What’s one of the most important considerations when buying a franchise opportunity? Location. No one wants to go to the trouble of setting up a business only to have someone turn up and plant theirs right next to you.
As a franchisee, you need to enter into a franchise agreement knowing exactly what protections over your territory you have.
There are three different types of territory available. Familiarity with these terms helps you to make sure you know what you’re getting.
Exclusive territory
Having an exclusive territory means that no other franchises can operate in your pre-assigned location.
Just exactly how much space a franchisee will get is usually up to the franchisor but it’s important to know just what you’re getting before you sign up.
Protected territory
With a protected territory, another franchisee can open up in your geographical location but if they open up too close, you may have a claim for encroachment. There are actions you can take if this happens, as explained below.
Open territory
Some franchises don’t offer any territory protection at all. In these circumstances, it’s going to be essential to make sure the franchise agreement is drafted in a way that determines what territorial rights you have.
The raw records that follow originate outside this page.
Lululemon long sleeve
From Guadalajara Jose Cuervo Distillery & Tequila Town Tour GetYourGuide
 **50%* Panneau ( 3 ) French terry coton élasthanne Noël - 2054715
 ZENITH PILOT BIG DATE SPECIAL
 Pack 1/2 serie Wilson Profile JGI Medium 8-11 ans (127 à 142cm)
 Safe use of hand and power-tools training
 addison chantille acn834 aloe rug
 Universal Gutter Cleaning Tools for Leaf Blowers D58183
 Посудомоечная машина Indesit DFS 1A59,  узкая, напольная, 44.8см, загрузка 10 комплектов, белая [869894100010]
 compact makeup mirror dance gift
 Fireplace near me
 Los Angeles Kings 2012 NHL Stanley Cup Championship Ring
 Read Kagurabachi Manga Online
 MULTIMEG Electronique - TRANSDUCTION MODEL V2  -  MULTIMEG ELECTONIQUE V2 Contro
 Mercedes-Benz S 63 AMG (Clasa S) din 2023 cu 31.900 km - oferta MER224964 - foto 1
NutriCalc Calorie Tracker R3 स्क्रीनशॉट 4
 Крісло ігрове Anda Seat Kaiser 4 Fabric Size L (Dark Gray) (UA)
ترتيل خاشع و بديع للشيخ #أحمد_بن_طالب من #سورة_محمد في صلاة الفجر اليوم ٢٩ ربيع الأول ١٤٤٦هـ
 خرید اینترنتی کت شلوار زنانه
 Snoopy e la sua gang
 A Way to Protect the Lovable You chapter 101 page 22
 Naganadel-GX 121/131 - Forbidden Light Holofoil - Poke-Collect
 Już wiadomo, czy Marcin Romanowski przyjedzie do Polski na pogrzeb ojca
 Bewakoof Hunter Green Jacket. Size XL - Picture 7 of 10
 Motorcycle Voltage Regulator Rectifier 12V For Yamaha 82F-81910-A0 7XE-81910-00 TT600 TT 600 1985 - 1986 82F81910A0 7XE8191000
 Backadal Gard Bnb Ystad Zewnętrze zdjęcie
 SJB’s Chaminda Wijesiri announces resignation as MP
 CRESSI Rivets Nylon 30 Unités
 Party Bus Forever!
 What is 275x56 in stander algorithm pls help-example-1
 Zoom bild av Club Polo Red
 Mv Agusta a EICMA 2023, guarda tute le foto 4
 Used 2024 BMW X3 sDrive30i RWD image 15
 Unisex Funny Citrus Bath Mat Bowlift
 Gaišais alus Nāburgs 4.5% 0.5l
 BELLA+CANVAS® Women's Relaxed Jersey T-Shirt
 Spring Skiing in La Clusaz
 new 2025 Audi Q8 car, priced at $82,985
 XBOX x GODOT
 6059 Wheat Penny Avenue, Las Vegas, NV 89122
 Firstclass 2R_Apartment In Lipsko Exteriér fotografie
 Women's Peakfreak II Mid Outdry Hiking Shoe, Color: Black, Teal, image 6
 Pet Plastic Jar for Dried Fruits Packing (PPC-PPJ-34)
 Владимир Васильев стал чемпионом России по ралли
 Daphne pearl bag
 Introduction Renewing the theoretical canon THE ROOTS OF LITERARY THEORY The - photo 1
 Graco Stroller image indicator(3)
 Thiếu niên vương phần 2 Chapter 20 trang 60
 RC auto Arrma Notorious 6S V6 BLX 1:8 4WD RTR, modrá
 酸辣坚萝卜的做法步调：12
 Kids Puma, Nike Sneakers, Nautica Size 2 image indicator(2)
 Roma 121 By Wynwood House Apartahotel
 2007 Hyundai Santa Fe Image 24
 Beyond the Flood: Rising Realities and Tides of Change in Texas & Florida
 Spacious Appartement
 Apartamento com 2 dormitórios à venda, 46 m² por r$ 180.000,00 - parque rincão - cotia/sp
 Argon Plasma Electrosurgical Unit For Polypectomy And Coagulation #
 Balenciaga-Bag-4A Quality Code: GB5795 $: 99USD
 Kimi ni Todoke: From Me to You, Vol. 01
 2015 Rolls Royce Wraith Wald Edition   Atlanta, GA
You may need to rely on this agreement at a later date if another franchisee sets up too close to you.
Encroachment action
If another franchisee opens up on, or near, your territory this may be considered encroachment. Depending on your franchise agreement, you may have the right to stop it from happening or seek damages.
If you’ve found yourself in this position, it’s wise to seek experienced legal guidance early on so you can take the action you need to.